The research projects sits within the history of architectural and urban experience – the history of architecture after it has been constructed, and investigating the various ways in which cities and their architecture are continually reproduced through different experiences, idea and codings. It also sits within the history of London and other major cities, exploring peripheral yet monumental element of urban spaces that are often overlooked in these cities' histories.
Study 1: Limehouse Link
In the Docklands area of London lies the 'Limehouse Link', a dual-bore road tunnel used by around 80,000 cars each day. A monumental and highly expensive piece of construction, the Limehouse Link has nonetheless received almost no attention from architectural historians or others concerned with the history of construction, engineering or urban development.
This referreed article by Iain Borden provides an introduction to the Limehouse Link, explaining some of the fundamental characteristics of its construction and position in London's urban landscape. More importantly, the article then considers how one might understand an everyday yet monumental construction such as this: a tunnel without obvious aesthetic form, design intent or symbolic meaning, but which nonetheless has an undeniable presence in the city.

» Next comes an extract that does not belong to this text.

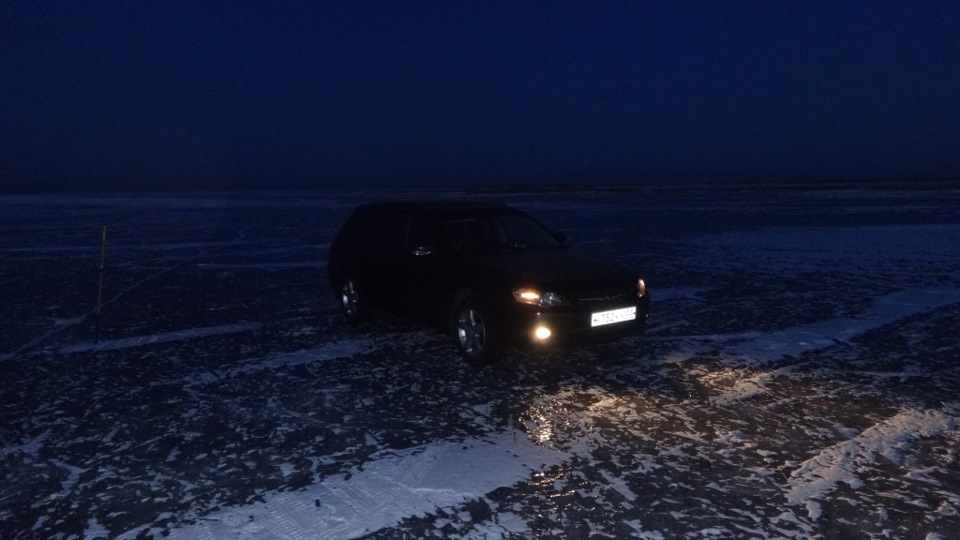 Subaru Legacy Парниша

The Limehouse Link is therefore interpreted in terms of the car driver's immersive experience of the tunnel, more active constructions of this experience through sensory qualities of sound, representations of the tunnel in different media and art, ways of knowing the history of Limehouse, and, in particular, as a kind of aesthetic experience. The article concludes that driving through the Limehouse Link is to engage in a different way of knowing the postmodern city.
Published as Iain Borden, 'The Limehouse Link: the Architectural and
Cultural History of a Monumental Road Tunnel in London's Docklands', The Journal of Architecture, v.16 n.5
(October 2011), pp. 589-613.
Iain Borden, 'The Limehouse Link: the Architectural and Cultural History of a Monumental Road Tunnel in London's Docklands', The Journal of Architecture, v.16 n.5 (October 2011), pp. 589-613.